*** Opening Provided records ***
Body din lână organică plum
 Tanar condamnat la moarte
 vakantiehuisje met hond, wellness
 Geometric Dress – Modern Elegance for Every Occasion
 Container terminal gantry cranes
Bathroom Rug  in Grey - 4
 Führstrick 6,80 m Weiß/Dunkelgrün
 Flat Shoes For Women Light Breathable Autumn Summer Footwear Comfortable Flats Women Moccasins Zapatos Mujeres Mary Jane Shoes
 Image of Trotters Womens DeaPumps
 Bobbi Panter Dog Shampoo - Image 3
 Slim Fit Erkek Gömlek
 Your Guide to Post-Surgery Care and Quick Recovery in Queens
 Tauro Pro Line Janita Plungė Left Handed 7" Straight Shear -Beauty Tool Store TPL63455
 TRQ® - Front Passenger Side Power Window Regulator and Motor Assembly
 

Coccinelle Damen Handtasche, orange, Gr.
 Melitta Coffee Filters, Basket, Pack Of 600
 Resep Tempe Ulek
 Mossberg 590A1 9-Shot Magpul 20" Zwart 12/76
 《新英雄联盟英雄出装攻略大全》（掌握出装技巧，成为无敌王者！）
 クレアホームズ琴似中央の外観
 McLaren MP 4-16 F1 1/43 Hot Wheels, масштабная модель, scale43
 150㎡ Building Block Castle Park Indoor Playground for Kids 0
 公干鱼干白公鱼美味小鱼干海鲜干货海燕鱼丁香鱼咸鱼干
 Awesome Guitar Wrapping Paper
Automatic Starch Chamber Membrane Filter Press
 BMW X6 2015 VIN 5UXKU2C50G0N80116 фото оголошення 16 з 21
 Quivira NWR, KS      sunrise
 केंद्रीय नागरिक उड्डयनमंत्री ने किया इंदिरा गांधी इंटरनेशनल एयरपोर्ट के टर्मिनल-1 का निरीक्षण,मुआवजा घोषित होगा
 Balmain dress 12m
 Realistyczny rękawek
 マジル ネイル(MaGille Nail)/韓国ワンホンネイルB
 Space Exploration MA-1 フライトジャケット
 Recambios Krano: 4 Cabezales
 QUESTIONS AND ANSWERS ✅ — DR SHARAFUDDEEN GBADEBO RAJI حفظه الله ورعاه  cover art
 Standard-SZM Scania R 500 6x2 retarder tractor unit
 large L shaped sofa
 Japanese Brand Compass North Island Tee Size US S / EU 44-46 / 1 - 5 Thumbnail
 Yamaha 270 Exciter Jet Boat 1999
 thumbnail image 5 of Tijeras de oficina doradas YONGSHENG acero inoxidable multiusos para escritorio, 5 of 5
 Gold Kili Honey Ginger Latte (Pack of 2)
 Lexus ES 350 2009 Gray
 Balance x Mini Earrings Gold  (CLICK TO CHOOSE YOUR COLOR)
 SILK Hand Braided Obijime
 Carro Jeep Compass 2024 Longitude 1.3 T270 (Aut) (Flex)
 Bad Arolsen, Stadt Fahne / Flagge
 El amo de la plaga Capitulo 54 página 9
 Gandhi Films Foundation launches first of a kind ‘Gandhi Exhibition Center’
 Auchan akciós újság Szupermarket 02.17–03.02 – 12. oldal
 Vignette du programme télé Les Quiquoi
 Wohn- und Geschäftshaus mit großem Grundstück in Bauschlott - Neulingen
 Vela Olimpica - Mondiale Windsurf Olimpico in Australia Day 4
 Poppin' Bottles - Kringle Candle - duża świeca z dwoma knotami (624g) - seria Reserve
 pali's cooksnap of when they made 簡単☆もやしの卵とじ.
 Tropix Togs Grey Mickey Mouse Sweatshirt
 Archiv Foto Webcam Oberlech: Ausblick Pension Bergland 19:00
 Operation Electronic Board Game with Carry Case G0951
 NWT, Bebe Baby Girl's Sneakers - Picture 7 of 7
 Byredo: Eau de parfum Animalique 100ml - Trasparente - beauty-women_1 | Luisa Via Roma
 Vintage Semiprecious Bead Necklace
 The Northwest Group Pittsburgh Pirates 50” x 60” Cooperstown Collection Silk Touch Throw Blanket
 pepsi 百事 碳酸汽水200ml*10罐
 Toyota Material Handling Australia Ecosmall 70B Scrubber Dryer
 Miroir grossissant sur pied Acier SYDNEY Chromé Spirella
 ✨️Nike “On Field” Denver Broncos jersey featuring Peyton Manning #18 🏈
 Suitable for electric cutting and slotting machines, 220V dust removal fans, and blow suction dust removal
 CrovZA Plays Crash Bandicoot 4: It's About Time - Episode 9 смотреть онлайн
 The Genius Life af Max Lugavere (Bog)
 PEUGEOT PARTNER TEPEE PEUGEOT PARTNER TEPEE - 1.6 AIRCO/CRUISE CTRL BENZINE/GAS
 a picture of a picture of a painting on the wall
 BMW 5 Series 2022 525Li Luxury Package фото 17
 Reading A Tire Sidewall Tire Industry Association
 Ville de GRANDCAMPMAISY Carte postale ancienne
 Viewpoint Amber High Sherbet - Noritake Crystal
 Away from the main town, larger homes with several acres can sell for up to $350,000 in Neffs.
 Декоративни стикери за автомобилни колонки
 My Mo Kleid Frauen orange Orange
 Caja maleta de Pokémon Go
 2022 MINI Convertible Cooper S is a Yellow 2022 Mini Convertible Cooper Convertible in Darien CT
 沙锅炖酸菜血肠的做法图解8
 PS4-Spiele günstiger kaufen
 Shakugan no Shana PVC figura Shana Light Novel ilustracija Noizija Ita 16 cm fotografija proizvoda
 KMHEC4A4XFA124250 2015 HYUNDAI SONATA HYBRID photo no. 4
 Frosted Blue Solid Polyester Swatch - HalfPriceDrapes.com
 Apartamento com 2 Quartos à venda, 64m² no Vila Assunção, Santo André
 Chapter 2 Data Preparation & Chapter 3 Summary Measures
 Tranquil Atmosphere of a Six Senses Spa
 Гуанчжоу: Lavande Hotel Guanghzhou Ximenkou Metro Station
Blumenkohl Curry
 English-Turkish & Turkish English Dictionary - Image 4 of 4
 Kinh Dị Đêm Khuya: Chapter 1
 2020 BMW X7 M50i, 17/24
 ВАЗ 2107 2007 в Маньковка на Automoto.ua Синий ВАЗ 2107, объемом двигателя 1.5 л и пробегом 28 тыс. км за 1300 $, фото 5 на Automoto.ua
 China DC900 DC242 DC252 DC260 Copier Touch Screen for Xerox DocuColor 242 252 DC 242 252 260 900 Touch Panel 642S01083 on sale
*** Closing Provided records ***
[Assignment] Every record is to be written out verbatim.

[Your solution]
Body din lână organică plum
 Tanar condamnat la moarte
 vakantiehuisje met hond, wellness
 Geometric Dress – Modern Elegance for Every Occasion
 Container terminal gantry cranes
Bathroom Rug  in Grey - 4
 Führstrick 6,80 m Weiß/Dunkelgrün
 Flat Shoes For Women Light Breathable Autumn Summer Footwear Comfortable Flats Women Moccasins Zapatos Mujeres Mary Jane Shoes
 Image of Trotters Womens DeaPumps
 Bobbi Panter Dog Shampoo - Image 3
 Slim Fit Erkek Gömlek
 Your Guide to Post-Surgery Care and Quick Recovery in Queens
 Tauro Pro Line Janita Plungė Left Handed 7" Straight Shear -Beauty Tool Store TPL63455
 TRQ® - Front Passenger Side Power Window Regulator and Motor Assembly
 

Coccinelle Damen Handtasche, orange, Gr.
 Melitta Coffee Filters, Basket, Pack Of 600
 Resep Tempe Ulek
 Mossberg 590A1 9-Shot Magpul 20" Zwart 12/76
 《新英雄联盟英雄出装攻略大全》（掌握出装技巧，成为无敌王者！）
 クレアホームズ琴似中央の外観
 McLaren MP 4-16 F1 1/43 Hot Wheels, масштабная модель, scale43
 150㎡ Building Block Castle Park Indoor Playground for Kids 0
 公干鱼干白公鱼美味小鱼干海鲜干货海燕鱼丁香鱼咸鱼干
 Awesome Guitar Wrapping Paper
Automatic Starch Chamber Membrane Filter Press
 BMW X6 2015 VIN 5UXKU2C50G0N80116 фото оголошення 16 з 21
 Quivira NWR, KS      sunrise
 केंद्रीय नागरिक उड्डयनमंत्री ने किया इंदिरा गांधी इंटरनेशनल एयरपोर्ट के टर्मिनल-1 का निरीक्षण,मुआवजा घोषित होगा
 Balmain dress 12m
 Realistyczny rękawek
 マジル ネイル(MaGille Nail)/韓国ワンホンネイルB
 Space Exploration MA-1 フライトジャケット
 Recambios Krano: 4 Cabezales
 QUESTIONS AND ANSWERS ✅ — DR SHARAFUDDEEN GBADEBO RAJI حفظه الله ورعاه  cover art
 Standard-SZM Scania R 500 6x2 retarder tractor unit
 large L shaped sofa
 Japanese Brand Compass North Island Tee Size US S / EU 44-46 / 1 - 5 Thumbnail
 Yamaha 270 Exciter Jet Boat 1999
 thumbnail image 5 of Tijeras de oficina doradas YONGSHENG acero inoxidable multiusos para escritorio, 5 of 5
 Gold Kili Honey Ginger Latte (Pack of 2)
 Lexus ES 350 2009 Gray
 Balance x Mini Earrings Gold  (CLICK TO CHOOSE YOUR COLOR)
 SILK Hand Braided Obijime
 Carro Jeep Compass 2024 Longitude 1.3 T270 (Aut) (Flex)
 Bad Arolsen, Stadt Fahne / Flagge
 El amo de la plaga Capitulo 54 página 9
 Gandhi Films Foundation launches first of a kind ‘Gandhi Exhibition Center’
 Auchan akciós újság Szupermarket 02.17–03.02 – 12. oldal
 Vignette du programme télé Les Quiquoi
 Wohn- und Geschäftshaus mit großem Grundstück in Bauschlott - Neulingen
 Vela Olimpica - Mondiale Windsurf Olimpico in Australia Day 4
 Poppin' Bottles - Kringle Candle - duża świeca z dwoma knotami (624g) - seria Reserve
 pali's cooksnap of when they made 簡単☆もやしの卵とじ.
 Tropix Togs Grey Mickey Mouse Sweatshirt
 Archiv Foto Webcam Oberlech: Ausblick Pension Bergland 19:00
 Operation Electronic Board Game with Carry Case G0951
 NWT, Bebe Baby Girl's Sneakers - Picture 7 of 7
 Byredo: Eau de parfum Animalique 100ml - Trasparente - beauty-women_1 | Luisa Via Roma
 Vintage Semiprecious Bead Necklace
 The Northwest Group Pittsburgh Pirates 50” x 60” Cooperstown Collection Silk Touch Throw Blanket
 pepsi 百事 碳酸汽水200ml*10罐
 Toyota Material Handling Australia Ecosmall 70B Scrubber Dryer
 Miroir grossissant sur pied Acier SYDNEY Chromé Spirella
 ✨️Nike “On Field” Denver Broncos jersey featuring Peyton Manning #18 🏈
 Suitable for electric cutting and slotting machines, 220V dust removal fans, and blow suction dust removal
 CrovZA Plays Crash Bandicoot 4: It's About Time - Episode 9 смотреть онлайн
 The Genius Life af Max Lugavere (Bog)
 PEUGEOT PARTNER TEPEE PEUGEOT PARTNER TEPEE - 1.6 AIRCO/CRUISE CTRL BENZINE/GAS
 a picture of a picture of a painting on the wall
 BMW 5 Series 2022 525Li Luxury Package фото 17
 Reading A Tire Sidewall Tire Industry Association
 Ville de GRANDCAMPMAISY Carte postale ancienne
 Viewpoint Amber High Sherbet - Noritake Crystal
 Away from the main town, larger homes with several acres can sell for up to $350,000 in Neffs.
 Декоративни стикери за автомобилни колонки
 My Mo Kleid Frauen orange Orange
 Caja maleta de Pokémon Go
 2022 MINI Convertible Cooper S is a Yellow 2022 Mini Convertible Cooper Convertible in Darien CT
 沙锅炖酸菜血肠的做法图解8
 PS4-Spiele günstiger kaufen
 Shakugan no Shana PVC figura Shana Light Novel ilustracija Noizija Ita 16 cm fotografija proizvoda
 KMHEC4A4XFA124250 2015 HYUNDAI SONATA HYBRID photo no. 4
 Frosted Blue Solid Polyester Swatch - HalfPriceDrapes.com
 Apartamento com 2 Quartos à venda, 64m² no Vila Assunção, Santo André
 Chapter 2 Data Preparation & Chapter 3 Summary Measures
 Tranquil Atmosphere of a Six Senses Spa
 Гуанчжоу: Lavande Hotel Guanghzhou Ximenkou Metro Station
Blumenkohl Curry
 English-Turkish & Turkish English Dictionary - Image 4 of 4
 Kinh Dị Đêm Khuya: Chapter 1
 2020 BMW X7 M50i, 17/24
 ВАЗ 2107 2007 в Маньковка на Automoto.ua Синий ВАЗ 2107, объемом двигателя 1.5 л и пробегом 28 тыс. км за 1300 $, фото 5 на Automoto.ua
 China DC900 DC242 DC252 DC260 Copier Touch Screen for Xerox DocuColor 242 252 DC 242 252 260 900 Touch Panel 642S01083 on sale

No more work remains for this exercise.